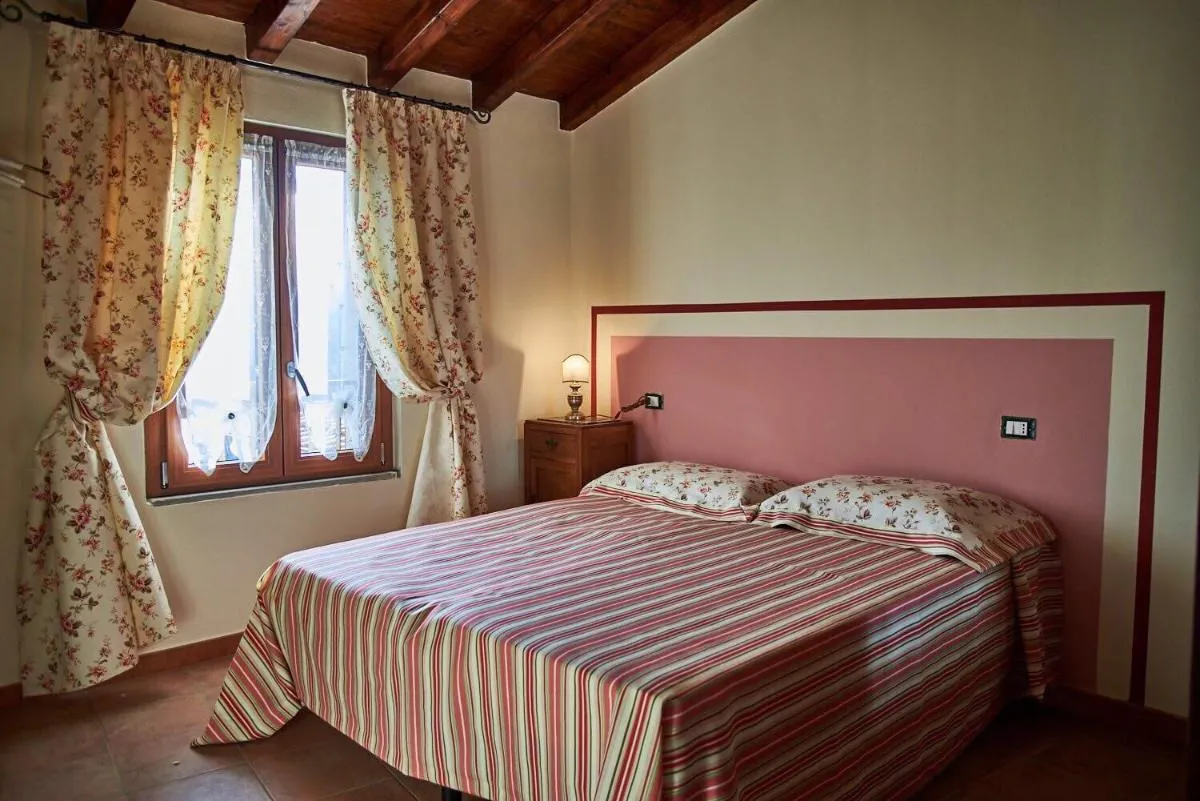 Image 1 of Eremo dei Poeti Albergo diffuso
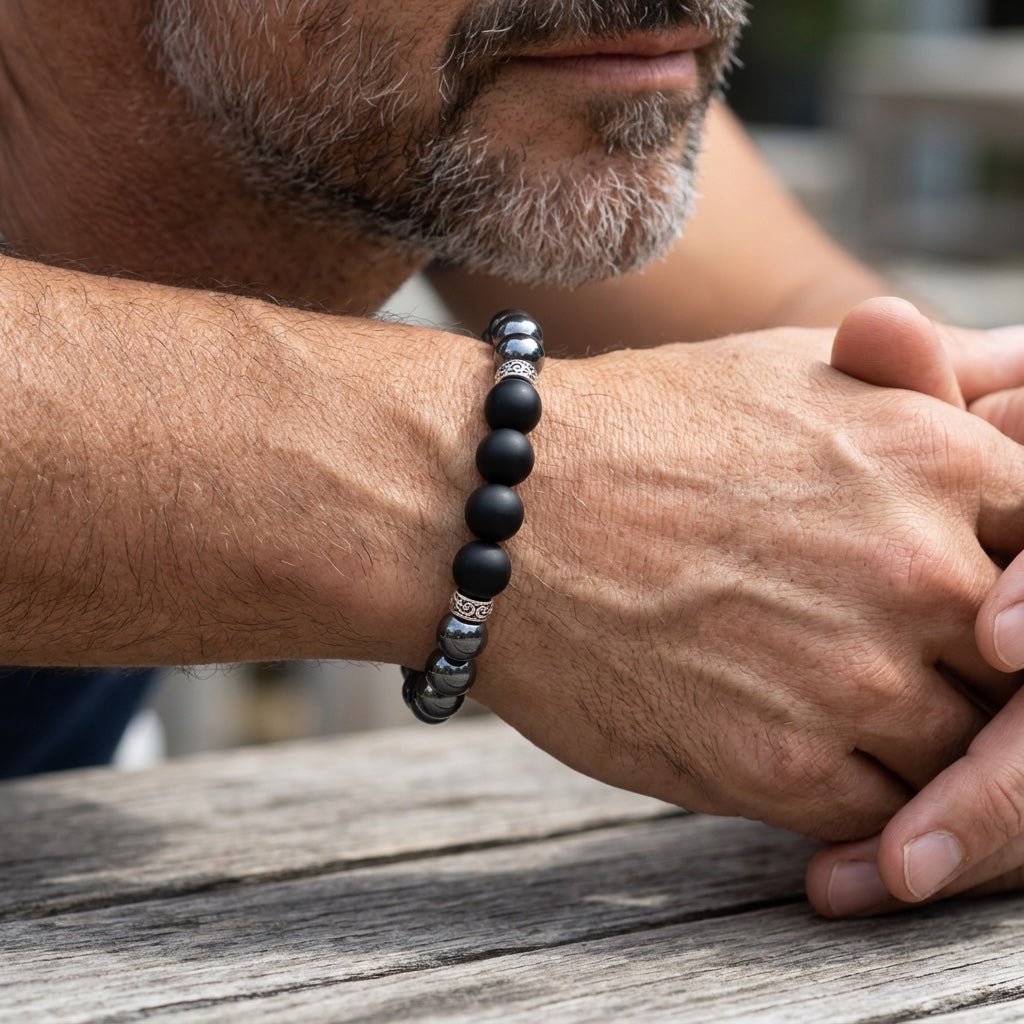 Bracelet homme hématite &amp; onyx dépoli A (boules 10 mm) - La Boite à Cailloux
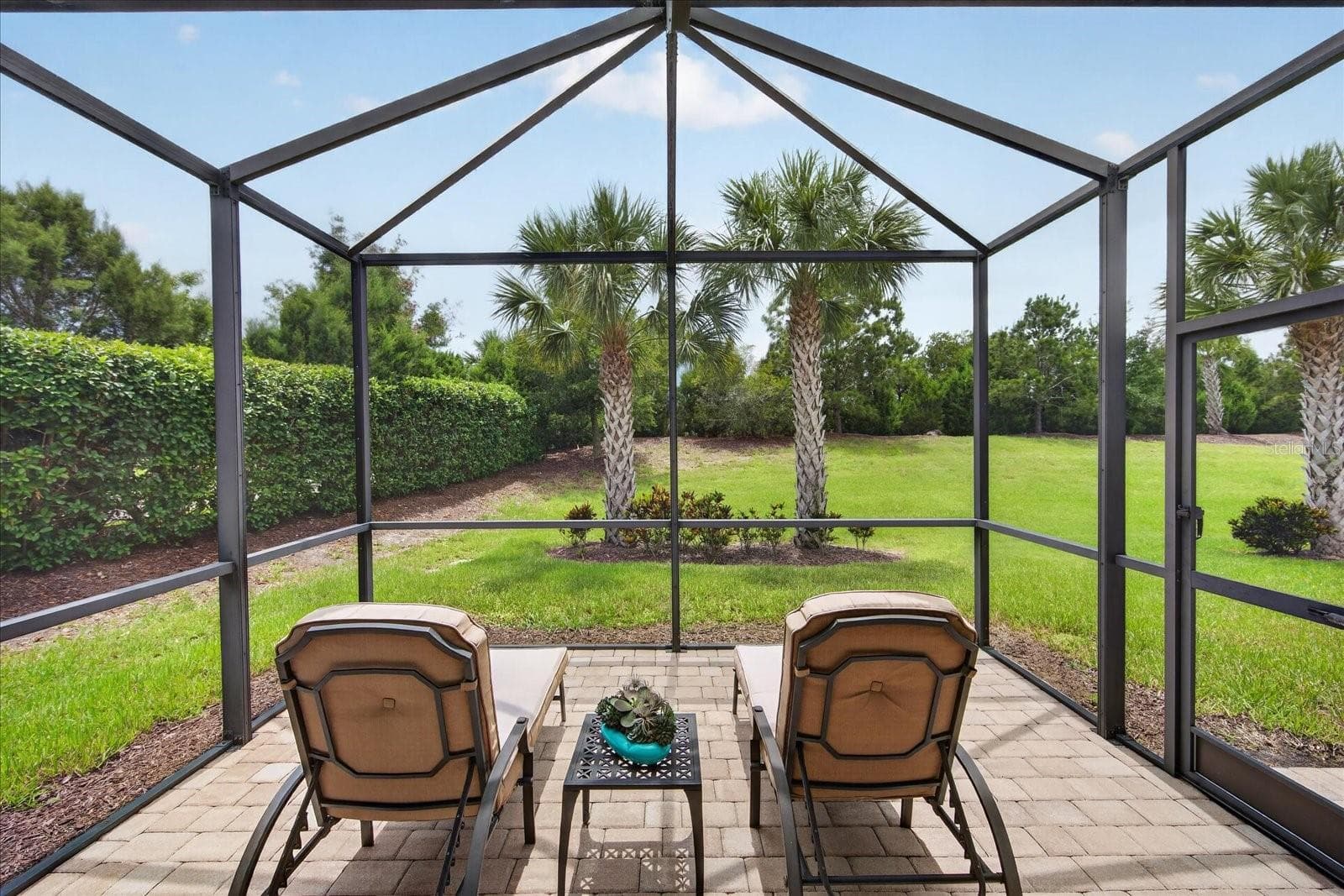 17658 CAMDEN DRIVE — photo 42 of 89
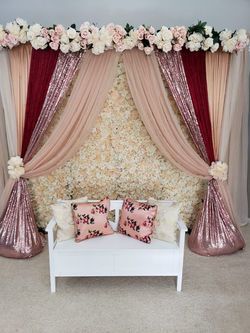 Engagement Stage Decoration, Nikah Decor, Mehendi Decor Ideas, Decoration Evenementielle, Wedding Background Decoration, Wedding Entrance Decor, Diy Wedding Backdrop, Luxury Wedding Decor, Marriage Decoration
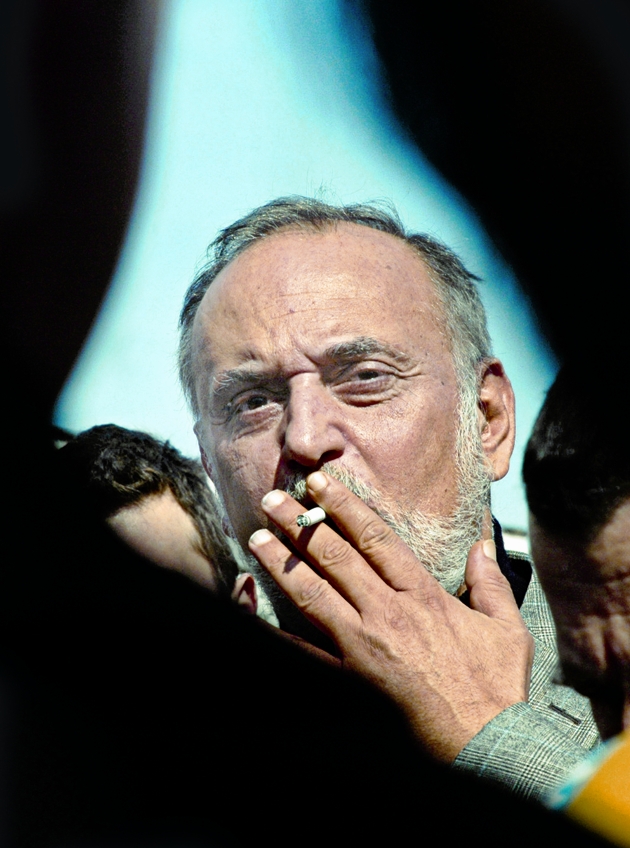 Dinu Patriciu, din nou cu executorii la poarta: „Nu cedez santajului si nu datorez nimanui nimic”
****************************************
Action item
Nothing but an exact copy of the data, without its images, should make up your answer.

Task response
 Image 1 of Eremo dei Poeti Albergo diffuso
 Bracelet homme hématite &amp; onyx dépoli A (boules 10 mm) - La Boite à Cailloux
 17658 CAMDEN DRIVE — photo 42 of 89
 Engagement Stage Decoration, Nikah Decor, Mehendi Decor Ideas, Decoration Evenementielle, Wedding Background Decoration, Wedding Entrance Decor, Diy Wedding Backdrop, Luxury Wedding Decor, Marriage Decoration
 Dinu Patriciu, din nou cu executorii la poarta: „Nu cedez santajului si nu datorez nimanui nimic”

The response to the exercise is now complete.